A practical guide to database indexes: B-Trees, Hash, GIN, GiST, BRIN, and partial indexes. Learn when to use each and how to avoid common indexing mistakes.

Note: This guide follows English-language naming conventions and terminology standards common in international development teams. Examples use English identifiers and comments to maximize compatibility across codebases and tooling.

Overview

Indexes are the primary mechanism for speeding up database queries. They are data structures that allow the database to locate rows without scanning every record.

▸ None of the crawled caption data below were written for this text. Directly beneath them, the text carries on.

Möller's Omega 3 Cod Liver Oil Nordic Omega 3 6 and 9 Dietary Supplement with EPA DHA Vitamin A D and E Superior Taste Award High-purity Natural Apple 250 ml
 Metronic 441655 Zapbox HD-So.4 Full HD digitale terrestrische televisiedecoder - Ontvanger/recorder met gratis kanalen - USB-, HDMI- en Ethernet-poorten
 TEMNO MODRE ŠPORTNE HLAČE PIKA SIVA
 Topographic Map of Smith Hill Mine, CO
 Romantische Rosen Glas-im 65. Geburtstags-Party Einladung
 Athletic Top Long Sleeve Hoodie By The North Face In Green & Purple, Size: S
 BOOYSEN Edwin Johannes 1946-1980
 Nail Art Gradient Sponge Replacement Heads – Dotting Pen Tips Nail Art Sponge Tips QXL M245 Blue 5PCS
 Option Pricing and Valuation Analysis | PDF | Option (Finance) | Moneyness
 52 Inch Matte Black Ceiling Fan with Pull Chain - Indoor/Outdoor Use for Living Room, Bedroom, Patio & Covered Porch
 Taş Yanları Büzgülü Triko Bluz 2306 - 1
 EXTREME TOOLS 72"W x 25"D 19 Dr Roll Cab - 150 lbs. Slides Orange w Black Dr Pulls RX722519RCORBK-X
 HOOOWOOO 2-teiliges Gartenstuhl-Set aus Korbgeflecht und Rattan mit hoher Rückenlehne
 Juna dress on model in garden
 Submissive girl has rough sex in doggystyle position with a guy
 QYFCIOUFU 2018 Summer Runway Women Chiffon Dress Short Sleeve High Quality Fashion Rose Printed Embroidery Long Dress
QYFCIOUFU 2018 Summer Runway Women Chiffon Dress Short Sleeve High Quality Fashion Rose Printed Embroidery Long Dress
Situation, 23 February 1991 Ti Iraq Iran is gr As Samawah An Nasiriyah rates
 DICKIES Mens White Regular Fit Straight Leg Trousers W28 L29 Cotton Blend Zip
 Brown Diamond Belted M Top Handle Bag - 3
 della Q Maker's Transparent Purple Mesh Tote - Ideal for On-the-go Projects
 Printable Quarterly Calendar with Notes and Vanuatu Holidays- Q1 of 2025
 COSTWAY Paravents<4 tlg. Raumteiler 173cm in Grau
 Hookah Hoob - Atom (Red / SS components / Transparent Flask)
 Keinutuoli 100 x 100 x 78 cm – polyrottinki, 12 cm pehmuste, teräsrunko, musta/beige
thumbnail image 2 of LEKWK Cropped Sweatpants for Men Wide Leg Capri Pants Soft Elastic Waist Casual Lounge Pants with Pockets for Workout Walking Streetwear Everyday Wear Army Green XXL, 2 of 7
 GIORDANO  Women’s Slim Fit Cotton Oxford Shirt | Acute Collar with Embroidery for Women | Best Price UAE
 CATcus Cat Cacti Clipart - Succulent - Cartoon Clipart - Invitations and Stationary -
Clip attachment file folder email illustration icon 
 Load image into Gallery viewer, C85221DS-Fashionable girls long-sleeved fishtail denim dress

But indexes are not free — they consume storage, slow down writes, and can hurt performance if used incorrectly. Understanding the different index types and when to apply them is one of the highest-leverage database skills.

When to Use

  • Queries filtering on specific columns (WHERE, JOIN)
  • Sorting large result sets (ORDER BY)
  • Enforcing uniqueness constraints
  • Accelerating full-text search and geospatial queries

B-Tree Indexes

The default index type in most relational databases. B-Trees maintain sorted data that allows O(log n) lookups, range scans, and ordered traversal.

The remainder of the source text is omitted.